I was using Pytorch to train a bilstm-crf model while encountered the OOM error. The batch size is 16.
I tried to redeuce the batch size to 8 → 4 ->2 ->1. But similar error happens again and again. This is my error. It seems that a lot of memory cannot be fully utilized. How can I fix it?
0%| | 1/872 [00:37<9:10:08, 37.90s/it]
0%| | 2/872 [00:57<6:33:41, 27.15s/it]
0%| | 2/872 [00:58<7:01:57, 29.10s/it]
Traceback (most recent call last):
File "/home/workspace/EvaHan/src/run.py", line 108, in <module>
main()
File "/home/workspace/EvaHan/src/run.py", line 103, in main
k_fold_run(config.trainset_path[0], vocab, device)
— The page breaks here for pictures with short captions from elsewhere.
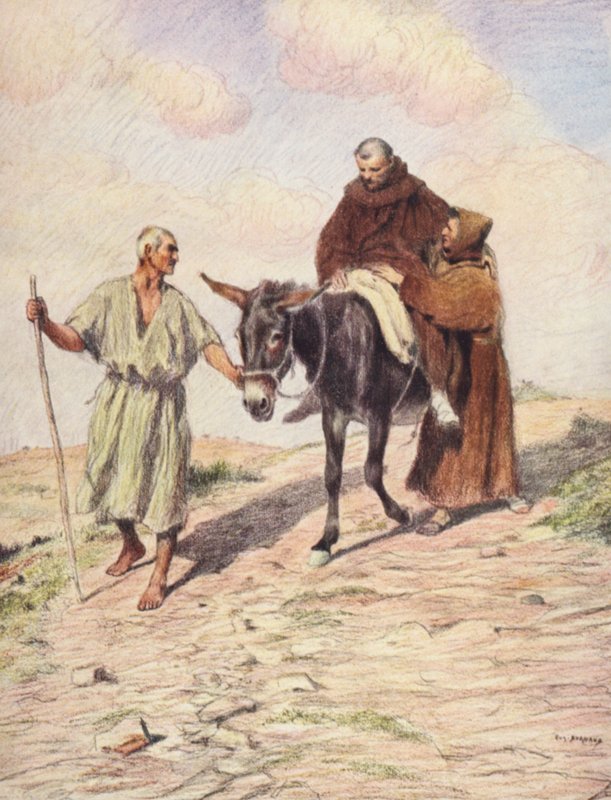 Sankt Frans på vej ned ad Mount la Verna med broder Leo efter indprentningen af de hellige stigmaer (farvelitografi) af Eugene (after) Burnand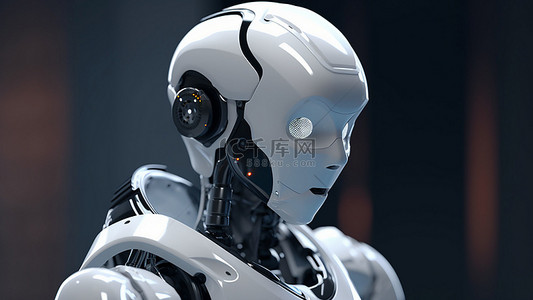 现代科技人物背景图片_机器人白色智能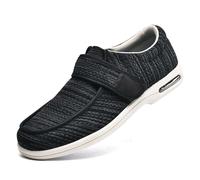 XAOLPLH Chaussures Diabétiques, Chaussures Pieds Larges pour Âgées, Oedeme Pantoufle Été Reglable, Chaussure Orthopedique Homme, Sandales Homme Personne Âgée,45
File "/home/workspace/EvaHan/src/run.py", line 88, in k_fold_run
test_loss, f1 = run(word_train, label_train, word_dev, label_dev, vocab, device, kf_index)
File "/home/workspace/EvaHan/src/run.py", line 61, in run
train(train_loader, dev_loader, vocab, model, device, kf_index)
File "/home/workspace/EvaHan/src/train.py", line 58, in train
out_feats = model.forward(batch_data)
File "/home/workspace/EvaHan/src/model.py", line 35, in forward
sequence_output, _ = self.bilstm(embeddings)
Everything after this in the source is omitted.